A cannon ball is fired horizontally with a velocity of 50m/s from the top of a cliff of 90mh. after how many seconds will it strike the plane at the foot of the cliff and at what distance at the foot of the cliff will it strike?
time to hit:
4.9t^2 = 90
t = 4.29 s
4.29s * 50 m/s = 214.28 m
To find the time it takes for the cannonball to strike the plane at the foot of the cliff, we can use the equation of motion for vertical motion:
y = yo + vyo*t - 0.5*g*t^2
Where:
- y is the vertical displacement (distance) from the top of the cliff,
- yo is the initial vertical displacement (height of the cliff),
- vyo is the initial vertical velocity (0 m/s, since the cannonball is fired horizontally),
- t is the time, and
- g is the acceleration due to gravity (approximately 9.8 m/s^2).

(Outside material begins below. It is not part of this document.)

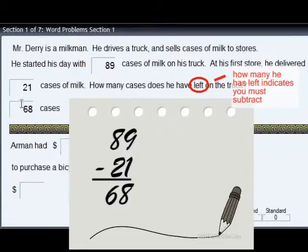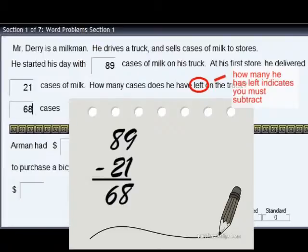Each time you open a question set, the equations will change. Repeat these sets until you can quickly answer the equations correctly.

Since the cannonball is fired horizontally, the initial vertical velocity (vyo) is zero. Therefore, the equation becomes:
y = yo - 0.5*g*t^2
We can substitute the given values into the equation:
90m = 0 - 0.5 * 9.8m/s^2 * t^2
Simplifying the equation, we get:
45m = 4.9m/s^2 * t^2
Now, let's solve for t by rearranging the equation:
t^2 = (45m) / (4.9m/s^2)
t^2 ≈ 9.18
Taking the square root of both sides, we get:
t ≈ √9.18
t ≈ 3.03 seconds
So, it will take approximately 3.03 seconds for the cannonball to strike the plane at the foot of the cliff.
Now, let's find the horizontal distance at the foot of the cliff where the cannonball will strike. Since the cannonball is fired horizontally, we can use the formula:
distance = velocity * time
Given that the velocity is 50 m/s and the time is 3.03 seconds, we can calculate the distance:
distance = 50 m/s * 3.03 s
distance ≈ 151.5 meters
Therefore, the cannonball will strike the plane at a distance of approximately 151.5 meters at the foot of the cliff.